Finally, the Commission voted to add a total of four Tier One duck blinds at the Big Sandy, West Sandy, and Camden Unit 1 WMAs for the upcoming duck season. An additional proposal will be considered at a later Commission meeting to create a 900-acre waterfowl refuge at the WMA to support the duck population. The area under consideration is difficult for hunters to access and the Commission believes it would be better served for conservation efforts. TWRA will seek public comments on the proposal before the vote.

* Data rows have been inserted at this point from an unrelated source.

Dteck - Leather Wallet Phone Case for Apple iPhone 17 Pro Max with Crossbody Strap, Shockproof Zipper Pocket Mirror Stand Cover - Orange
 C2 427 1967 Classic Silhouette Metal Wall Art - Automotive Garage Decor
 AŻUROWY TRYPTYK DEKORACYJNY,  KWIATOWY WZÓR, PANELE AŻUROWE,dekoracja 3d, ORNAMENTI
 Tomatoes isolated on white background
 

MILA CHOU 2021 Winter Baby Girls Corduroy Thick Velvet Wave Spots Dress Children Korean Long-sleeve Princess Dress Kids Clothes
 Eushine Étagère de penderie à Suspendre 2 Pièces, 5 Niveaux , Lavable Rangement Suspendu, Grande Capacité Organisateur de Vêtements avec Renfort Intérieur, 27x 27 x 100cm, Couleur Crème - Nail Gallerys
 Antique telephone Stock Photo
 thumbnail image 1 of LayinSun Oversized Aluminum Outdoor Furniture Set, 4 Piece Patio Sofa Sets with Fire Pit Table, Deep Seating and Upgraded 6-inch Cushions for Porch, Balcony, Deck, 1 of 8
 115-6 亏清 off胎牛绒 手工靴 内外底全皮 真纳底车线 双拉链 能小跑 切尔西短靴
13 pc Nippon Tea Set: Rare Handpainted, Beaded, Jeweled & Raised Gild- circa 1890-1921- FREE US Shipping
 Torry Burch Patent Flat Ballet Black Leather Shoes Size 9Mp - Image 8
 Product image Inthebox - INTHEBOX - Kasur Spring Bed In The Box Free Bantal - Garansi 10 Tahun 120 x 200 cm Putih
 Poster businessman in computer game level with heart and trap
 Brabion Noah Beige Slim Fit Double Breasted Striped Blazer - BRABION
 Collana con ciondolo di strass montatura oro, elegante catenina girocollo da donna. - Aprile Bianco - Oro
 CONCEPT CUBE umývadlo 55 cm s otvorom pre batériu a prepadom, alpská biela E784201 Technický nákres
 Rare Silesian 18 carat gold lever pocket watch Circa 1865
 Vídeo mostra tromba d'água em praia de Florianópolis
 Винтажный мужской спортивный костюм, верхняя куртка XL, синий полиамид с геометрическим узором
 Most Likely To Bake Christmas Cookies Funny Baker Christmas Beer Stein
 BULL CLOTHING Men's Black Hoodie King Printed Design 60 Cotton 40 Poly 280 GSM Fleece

Additional updates were made for TWRA’s 110 WMAs encompassing more than 1.5 million acres of natural resources. Notably, a quota hunt for turkeys was established on Chickasaw and Natchez state parks, slight adjustments were made to the deer hunts on Cheatham WMA, and generally opening more hunt units on various WMAs across the state. A list of WMA regulations is available on the TWRA website.
TWRA completes a nine-month season setting process, which includes wildlife population surveys, data collection from partner organizations and research institutions, a public comment period on recommendations, and finally discussion and approval by the Tennessee Fish and Wildlife Commission.
“Our goal for the 2023 hunting season setting process was to find the right balance between healthy wildlife populations and hunter satisfaction,” said Wildlife and Forestry Division Chief Joe Benedict. “We feel confident we have met this goal with the help of the incredible volume of public input we received this year.”